Elle prit finalement une longue inspiration avant de s’avancer. Elle regarda autour d’elle dès qu’elle entra dans le commissariat. Tout ce qu’elle vit fut deux agents de la paix et une cellule en fer au fond de la pièce, dans laquelle était emprisonné Mao Yun. Au moment même où elle entra, Mao Yun leva les yeux avant de les écarquiller et de rester bouche bée.

Après avoir redressé son menton, Bao se tourna vers les agents de la paix et leur sourit de la façon la plus séductrice qu’elle puisse faire.

Les agents commencèrent à froncer les sourcils, mais avant même qu’ils puissent dire quelque chose, Bao leur dit : “Je suis venue avec des cadeaux !”

Elle leva la bouteille de vin et fit un clin d’oeil.

Les deux agents se regardèrent mutuellement avant que l’un des deux dise : “ Un cadeau ? Ou des cadeaux…?”

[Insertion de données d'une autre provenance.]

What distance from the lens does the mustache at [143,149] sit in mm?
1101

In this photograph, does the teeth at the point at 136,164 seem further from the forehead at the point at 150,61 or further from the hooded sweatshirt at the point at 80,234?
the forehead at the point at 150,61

Le sourire de Bao rayonna de plus belle et elle dit : “ Cela dépend.”

À cet instant, son coeur battait la chamade et son esprit était aux aguets.

Que suis-je en train de faire ? Je ne peux pas juste les tuer ! Son plan avait été d’égorger à mort les agents de la paix. Mais maintenant qu’elle se tenait juste en face d’eux, le fait qu’ils soient de vrais êtres vivants et qu’ils ne lui aient fait rien de mal lui fit réaliser qu’elle n’avait pas énormément de sang-froid. Ils étaient certainement des employés de l’Empereur Démoniaque et sûrement corrompus, mais elle ne pouvait pas se résoudre à leur ôter la vie.

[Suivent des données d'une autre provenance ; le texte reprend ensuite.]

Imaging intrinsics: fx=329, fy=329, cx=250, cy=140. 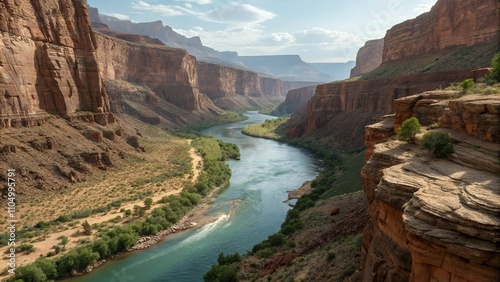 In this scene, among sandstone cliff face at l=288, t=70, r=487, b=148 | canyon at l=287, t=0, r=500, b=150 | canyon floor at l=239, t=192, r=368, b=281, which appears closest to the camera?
canyon floor at l=239, t=192, r=368, b=281

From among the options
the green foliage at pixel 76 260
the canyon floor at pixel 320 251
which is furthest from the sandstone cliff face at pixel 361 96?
the green foliage at pixel 76 260

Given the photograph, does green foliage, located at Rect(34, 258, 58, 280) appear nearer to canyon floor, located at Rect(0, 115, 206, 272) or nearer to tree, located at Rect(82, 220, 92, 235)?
canyon floor, located at Rect(0, 115, 206, 272)

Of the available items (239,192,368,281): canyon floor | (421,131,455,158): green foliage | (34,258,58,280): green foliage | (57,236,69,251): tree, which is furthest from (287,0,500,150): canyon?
(34,258,58,280): green foliage

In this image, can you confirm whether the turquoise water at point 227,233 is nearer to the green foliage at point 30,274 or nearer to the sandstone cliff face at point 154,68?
the green foliage at point 30,274

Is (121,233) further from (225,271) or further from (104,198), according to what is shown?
(225,271)

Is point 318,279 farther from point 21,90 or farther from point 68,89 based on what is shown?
point 68,89

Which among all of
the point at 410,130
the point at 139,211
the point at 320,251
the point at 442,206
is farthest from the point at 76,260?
the point at 442,206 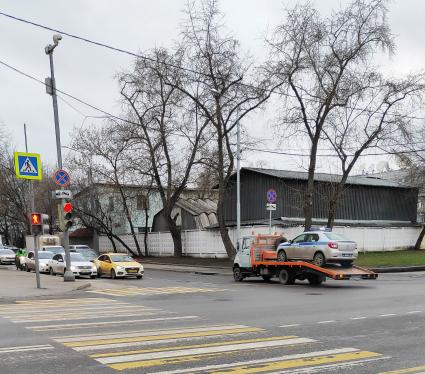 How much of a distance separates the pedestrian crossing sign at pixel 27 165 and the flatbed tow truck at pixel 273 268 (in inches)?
399

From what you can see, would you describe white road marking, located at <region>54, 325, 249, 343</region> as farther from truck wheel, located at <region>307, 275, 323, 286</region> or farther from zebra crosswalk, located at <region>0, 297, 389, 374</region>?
truck wheel, located at <region>307, 275, 323, 286</region>

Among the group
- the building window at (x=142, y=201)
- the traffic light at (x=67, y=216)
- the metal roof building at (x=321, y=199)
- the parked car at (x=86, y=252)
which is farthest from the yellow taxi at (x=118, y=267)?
the building window at (x=142, y=201)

“Ces cadeaux sont envoyés par qui ?” demanda l’autre agent.

Je dois réfléchir à quelque chose !, se dit-elle en son for-intérieur, tout en titubant jusqu’à la table basse des agents et de s’agenouiller gracieusement devant. Après quoi, elle sortit trois récipients de sa manche.

“Oh. Je pense que vous le savez déjà…” dit-elle en plaçant les verres sur la table et de les remplir. Elle fit en sorte de remplir moins son verre que les leurs.

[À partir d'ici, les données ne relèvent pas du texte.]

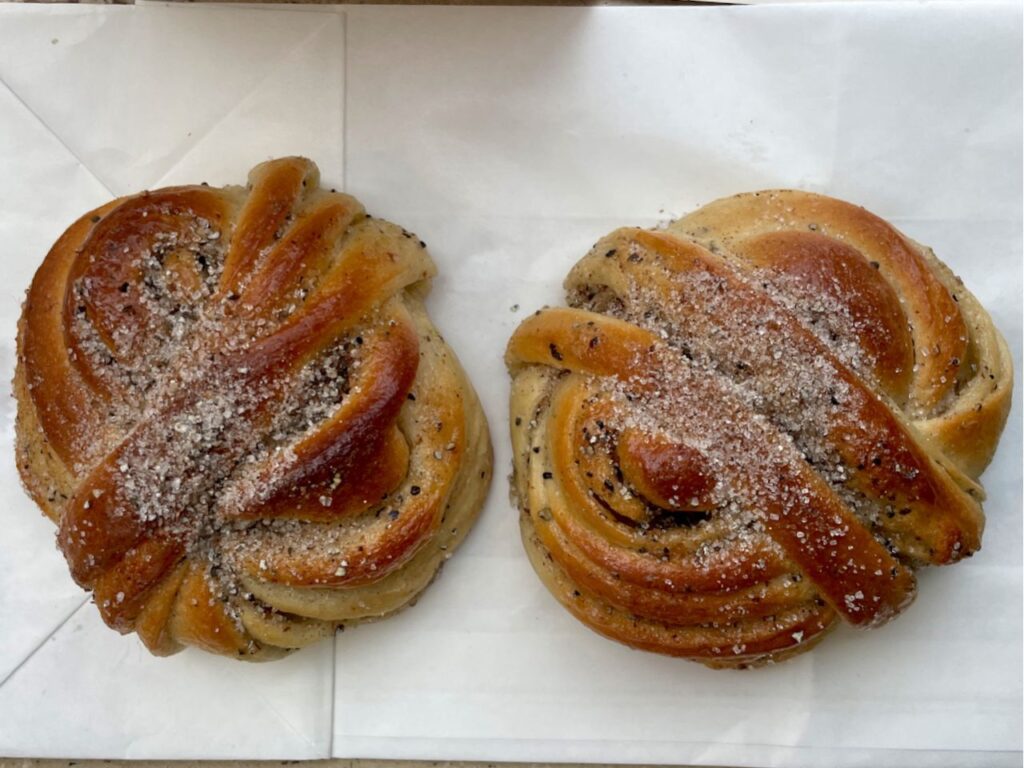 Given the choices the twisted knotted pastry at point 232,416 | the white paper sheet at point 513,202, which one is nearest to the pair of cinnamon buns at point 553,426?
the twisted knotted pastry at point 232,416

L’agent n°1 réfléchit un moment avant de dire : “Vous êtes en train de dire que cela est un présent du Seigneu–”

Avant même qu’il puisse finir sa phrase, son collègue lui donna un coup de coude et lui dit : “ Ne le dis pas à voix haute !”

Bao gloussa coquettement. “C’est exact, il n’y a nul besoin de le dire à voix haute.” Après quoi, elle leva son vase et dit : “Messieurs les agents, je vous en prie, buvez ! Je vous souhaite richesse et prospérité !”

Les agents se mirent à rire avant de lever leurs coupes et de se mettre à boire.

Des plaisanteries et de la beuverie sans grand intérêt s’ensuivirent. La tolérance de Bao à l’alcool s’était améliorée depuis qu’elle buvait souvent avec Mao Yun. En plus de cela, elle faisait attention à ne boire que le strict minimum et faire boire le plus possible les policiers. Bientôt, ils étaient tellement imbibés d’alcool qu’ils ne remarquèrent même pas que Bao ne se servait plus d’alcool.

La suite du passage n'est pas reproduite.